Personally, I see Paul staying another year and honestly, I'm not even sure that hes worth the 3rd pick (I may end up eating those words but...). Besides, this draft is loaded with PG talent. If the Cats pick #1, draft maybe Bogut. imo hes the only player other than maybe Marvin who warrants a top 3 pick. If Charlotte doesn't get #1 and Marvin decides to stay another year, THEN I think they should draft small and maybe trade down.


----------



## kamego

Everyone knows that Bogut is the pick if the draft is today. We will see if anything changes before the draft.


----------



## Im The One

He's my wish list in order

Marvin Williams
Andrew Bogut
Raymond Felton
Deron Williams
Gerald Green


----------



## Charlotte_______

I have been thinking it over as far as who we should draft and I have decided. Andrew Bogut. If you look at our previous game, Brezec and Okafor were out with injuries.

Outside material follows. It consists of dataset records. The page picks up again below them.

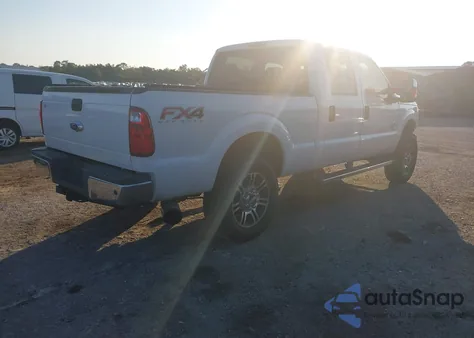 2015 Ford F-250 Xlt z USA, uszkodzony, nr VIN 1FT7W2BT8FED50195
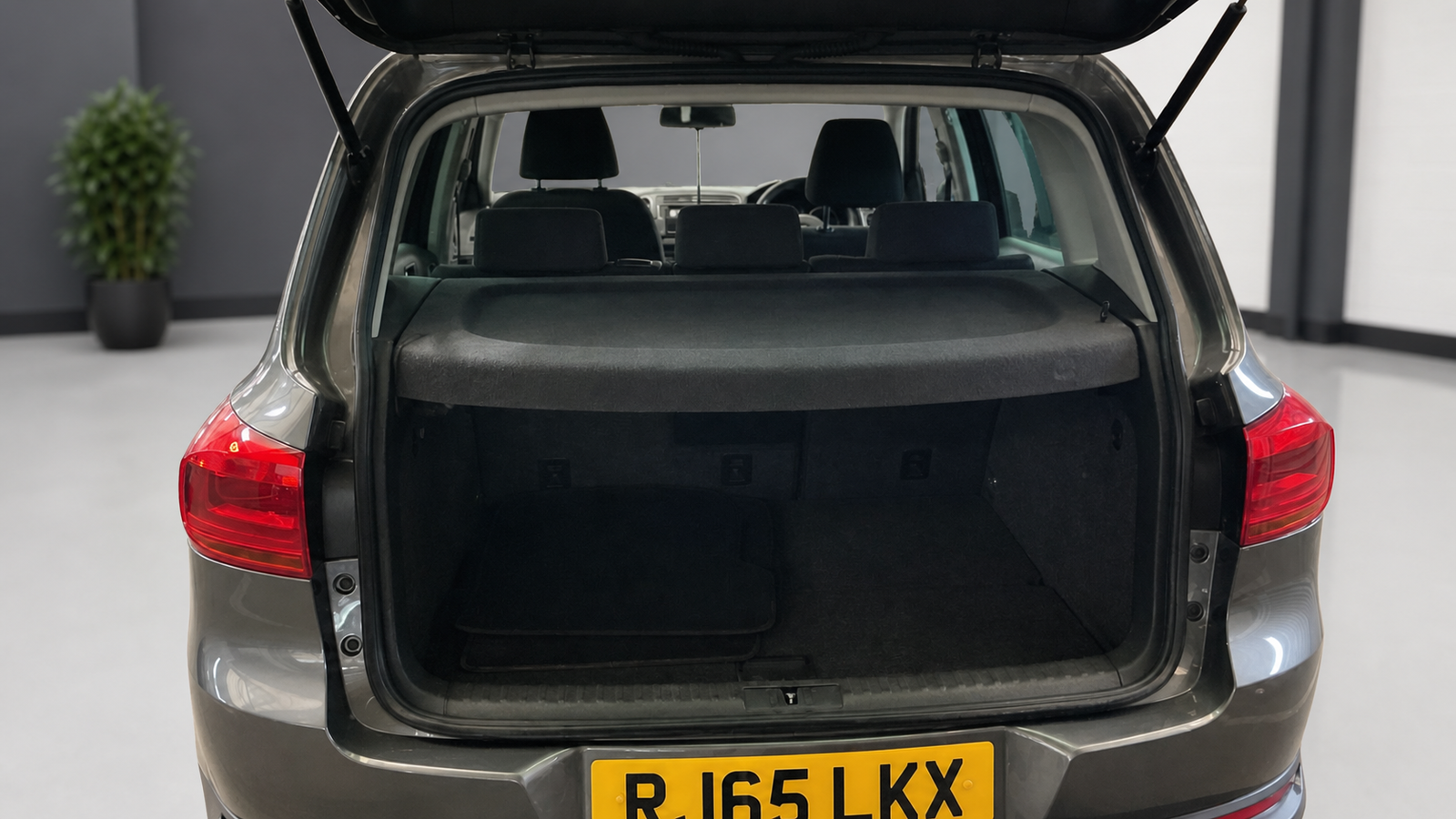 2015 Volkswagen Tiguan Match 4Motion photograph 15 of 19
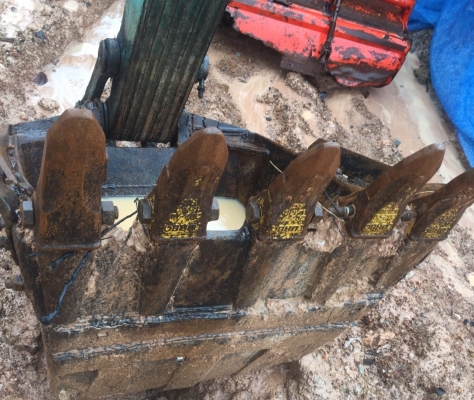 ขายด่วน KOMATSU PC 120-6 Spec ญี่ปุ่น บอดี้สวยๆพร้อมใช้งานได้เลย เครื่อง ISUZU 4BD1 ติดตั้ง แถมเครื่องเก่า KOMATSU ให้ครบทุกอุปกรณ์เลยนะครับราคานี้ ช่วงล่างเอวแน่น บูมอาร์มสวย เอกสารสัญญาซื้อขาย ต่อรองได้ครับ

Obviously this will not happen as often, but it shows are lack of depth at the C and Pf positions, seeing as we had Ely and Malik Allen starting  Barring any kind of offseason aquisition at those two positions we should grab him if hes available. If not I would like to see it come down to Chris Paul( He is growing on me) and of course Marvin Williams if he declares.


----------



## adhir1

bogut and okafor would dominate the east in a few years...


----------



## momocult45

williams or bogut with okafor and wallace is lethal....wallace and williams would be an amazing show of ability....would be nice to see, plus with williams and okafor together the bobcats can live with brezec in the middle


----------